Paul, for his part, simply looked up from his bread roll with the expression of a man who had just been informed that gravity was optional. He was not dating Steve. He had never dated Steve. He had, in fact, spoken perhaps twelve words to Steve in his entire life. And yet here he was, publicly denounced as the worst boyfriend ever in front of the entire Maple Willow Larch dining population.
And then, without another word, Steve turned and stormed out of the dining hall. The double doors swung dramatically behind him. He offered no explanation, no follow-up, no acknowledgment that anything unusual had occurred. He simply vanished into the storm, leaving 237 bewildered students and one deeply confused Paul in his wake.
Paul finished his bread roll in silence, staring into the middle distance. The dining hall employee never came back. The storm outside raged on.
Exhibit A
The Pepperoni Roll Incident
It started, as all great stories do, with a kidnapping. The girls from our floor abducted Steve and issued their demands: pepperoni rolls, or else.
Our response? We ordered the pepperoni rolls. We took photos of ourselves eating them. We sent those photos to Steve's captors with our compliments.
Their retaliation was swift and justified: they duct-taped Steve to a chair, blindfolded him, and placed him in the elevator to ride up and down for the amusement of the entire dorm.
We never did share those pepperoni rolls.
Foreshadowing
Church Halloween Event
For a church Halloween event, Steve decided to dress as Eve. The costume was simple: a white tank top, some strategically placed leaves, and absolutely zero shame.

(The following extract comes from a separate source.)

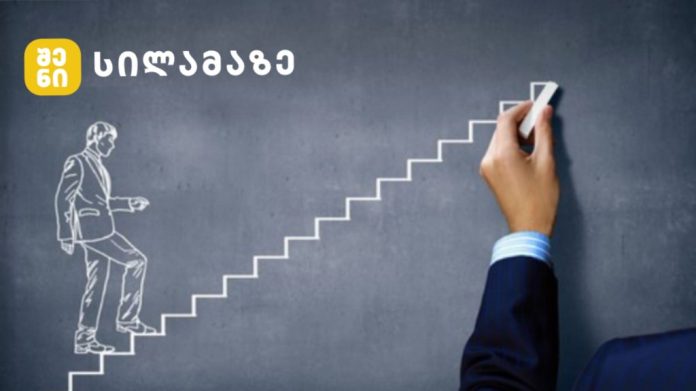 Businessperson climbing a chalk-drawn staircase on a chalkboard, symbolizing progression, with a brand logo in the top-left corner.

In retrospect, the universe was trying to tell us something.
The costume was theologically accurate, technically.
Present Day • Des Moines
Some people mellow with age. Steve is not some people.
On multiple occasions—while shopping at Hy-Vee with his boyfriend Kyle—Steve has picked up the store's courtesy phone and broadcast the following message over the PA system:
"Grandma? Where are you, Grandma?"
And then he just... leaves. No explanation. No grandmother. Just chaos, delivered fresh to the grocery store.

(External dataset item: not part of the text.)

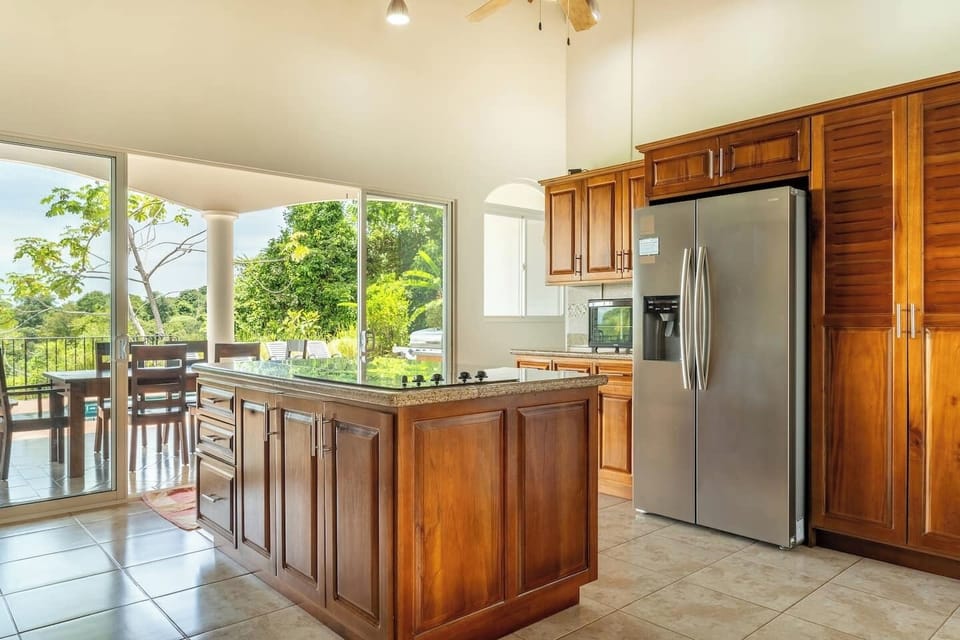 A bright and airy kitchen, combining modern design with a cozy, welcoming atmosphere.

Shut up baby, he knows it.
The Long Con
Steve picked me up from the airport. I started talking. He didn't say a word.
This was atypical for Steve. But I figured maybe he was tired, so I just... kept talking. And talking. The silence continued. So I kept filling it. For twenty minutes straight, I talked without pause, narrating my thoughts into the void while Steve drove in absolute silence.

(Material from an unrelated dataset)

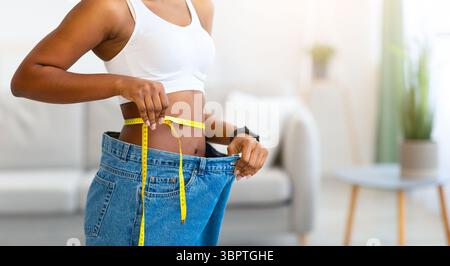 Happy Black Lady montrant de grands jeans mesurant la taille mince à l'intérieur Banque D'Images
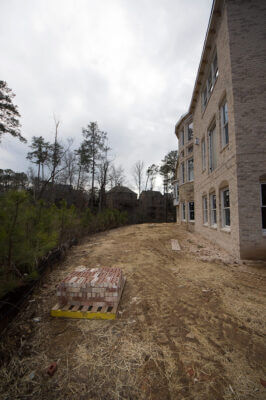 backyard landscape construction for erosion prevention of new brick house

I didn't know we were doing a bit. Steve knew. Steve had been planning something.
As we pulled into the parking area of the piano bar (a surprise destination), I noticed the sprinklers were on—angled, unfortunately, toward the street. Before I could react, Steve rolled down my window, hit the child lock, and drove slowly past the sprinkler.
I got absolutely soaked. Steve said nothing. He just parked the car.
Twenty minutes of commitment to the bit. That's the Steve Sanda guarantee.
Configure Steve's smart home system. Follow the correct sequence. (Spoiler: There is no correct sequence.)
Attempts: 0 | Successful Activations: 0
From Your College Roommate
Steve, you are "my college roommate." In a weird way, I've always thought that phrase was kind of special. Even with all the friendships we've had, ours has always been special to me. You've been an incredibly supportive friend in my darkest times. You are so creative and thoughtful and considerate. Being friends with you has been a true blessing in my life.
I have many stories I could say or tell, but I thought this site would be more fun.
I don't really have the words to tell you what you mean to me. You feel closer to family than friend, and I find it difficult sometimes to think of the best words to convey appreciation for family. They're reliable, they're there, always.
I'm grateful to have known you, I'm so happy that you have found Home Assistant as your life partner, and Kyle as your sex partner. I hope this brought you some joy.
β John
"When you do things right, people won't be sure you've done anything at all."